British ultra-runner clocked 6:40:35 to beat 10-year-old mark at Canterbury Christ Church University
Britain’s world 50km silver medallist Phil Anthony ran 100km on a treadmill in 6:40:35 on Wednesday to break a 10-year-old world record.
The Kent runner described the record attempt, which took place at Canterbury Christ Church University where he works, as “one of the toughest challenges” he has ever faced both physically and mentally.
It was the first time that the 33-year-old, who finished second in last month’s IAU World 50km Trophy in Doha, had run the distance.

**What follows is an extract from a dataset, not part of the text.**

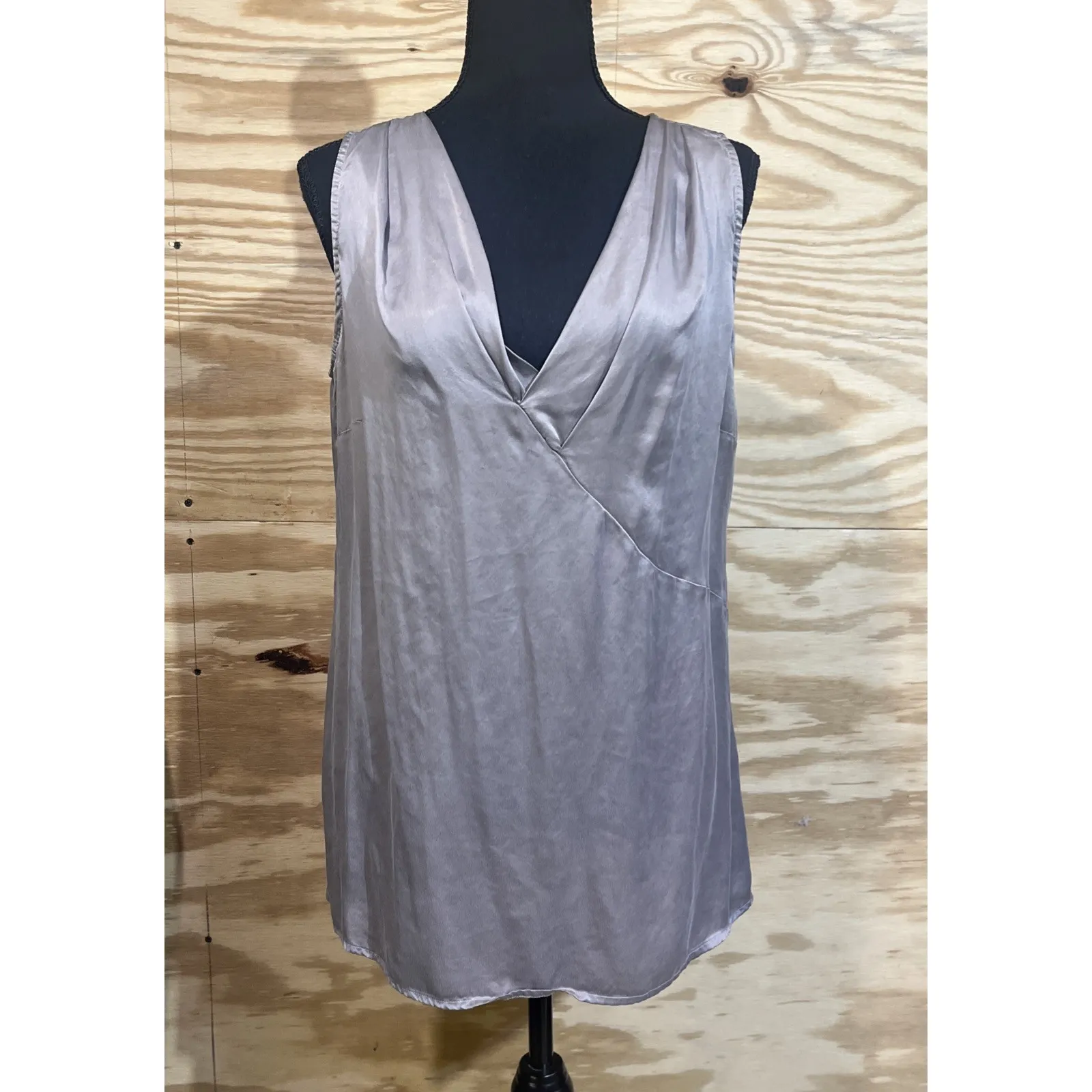 Cabi Y2K Babydoll Silk Gray Sleeveless Top Large Tank Blouse Going Out Layering - Image 2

The previous world 100km treadmill mark recognised by Guinness World Records was 7:21:41 held by Canada’s Arulanantham Suresh Joachim.
“I am absolutely over moon with managing to break the world record,” said Anthony, a PhD student and university instructor in the School of Human and Life Sciences.
“I found this to be one of the toughest challenges I have faced so far both mentally and physically and I really don’t think this would have been possible without the help and support that I received from everyone at Canterbury Christ Church University throughout.
“There are so many people to thank for this but I would above all like to thank my wife Anna who not only helped me during the event but in the months leading up to this attempt.”
Anthony, who switched from duathlon to set a marathon PB of 2:16:40 in 2012 and has run 2:58:06 for 50km, had spent time in the run-up to the record attempt high-altitude training in Kenya.